主題聖句 『真夜中ごろ、パウロとシラスが賛美の歌をうたって神に祈っていると、ほかの囚人たちはこれに聞き入っていた。』   16章25節
 女性の奴隷は、リディアとは正反対な境遇の中で生活をしています。彼女は奴隷として自分で決める自由はありません。占いの霊に取りつかれていることを利用され、さらに搾取される者でした。当時のローマ社会では、奴隷は生産のための労働や、市民の日常生活を支えるために必要な物、人間とは考えられてはいませんでした。彼女はローマという時代に、幾重にも閉じ込められた生活を余技なくされていた人物の一人です。

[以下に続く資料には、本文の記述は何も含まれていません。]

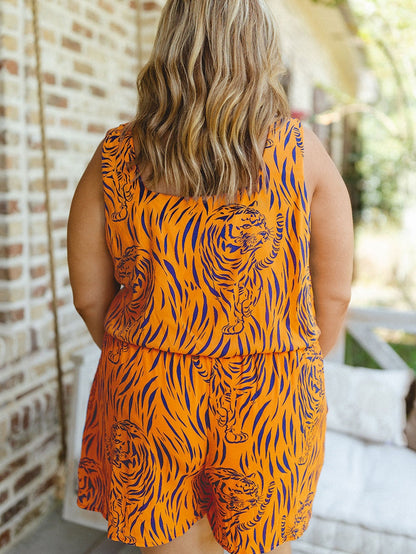 Sunny Plus Size Tiger Stripe V Neck Sleeveless Romper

 この女性からの悪霊追放は予期せぬ方向へと進んで行きます。この女性奴隷の主人は、パウロたちによって占いの悪霊が追い出されたことを知ると、パウロたちが町を混乱させ、風紀を乱すことを宣伝していると、訴え出ます。ここにも閉ざされた人がいます。彼は「自分の欲」に閉じ込められています。また、群衆も高官も、彼に翻弄され、本来の冷静さを欠いています。背景には反ユダヤ人の風潮もありますが、ローマの支配の前に、彼らも閉じられた世界でしか生きて行くことが出来ない人々です。パウロはフィリピの信徒への手紙の中で牢に捕らえられていることが「キリストのためである」との事実に喜びを得ています。体は苦難に留まりますが、心は常にイエス様と共に歩んでいる。パウロには閉ざされた中にも喜びを見つけました。

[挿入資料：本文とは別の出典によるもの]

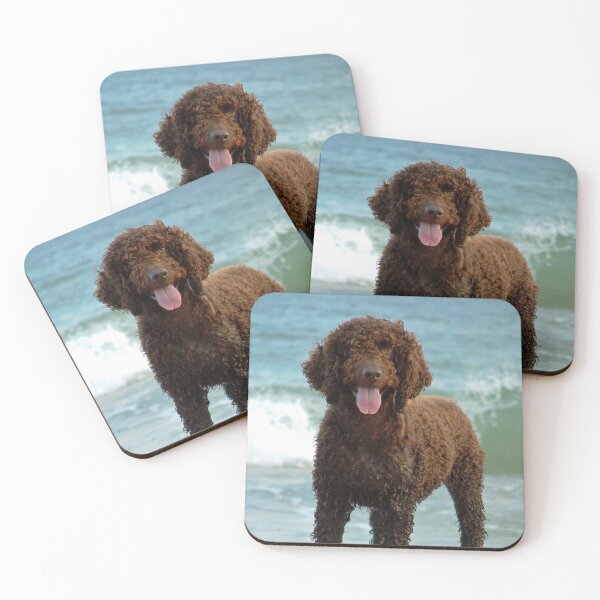 Item preview, Irish water spaniel enjoying the sea designed and sold by LorrieBee.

 パウロたちが閉じ込められた地下牢から、賛美の歌声が祈りの声が聞こえます。これは礼拝です。世界から隔離された、希望も救いも無いと思われる今、彼らは礼拝を守っています。礼拝はこの世の暗闇を開きます。礼拝はこの世の困難を開きます。鞭打たれても、地下牢に閉じ込められても、彼らの信仰を閉じ込めることは出来ません。そこが聖所となりました。彼らの歌声、祈りの声に囚人たちは、聞き入っていました。これは共に礼拝に集う者となったということです。
 聖歌498「うたいつつあゆまん」の2番では「恐れはかわりて、祈りとなり、嘆きはかわりて、歌となりぬ」と歌います。ここに神を礼拝する喜びがあります。礼拝はすべてのものを、神の御心へと開いてくださいます。礼拝はすべての者を、神の僕へと導いてくださいます。歌いつつ歩みましょう。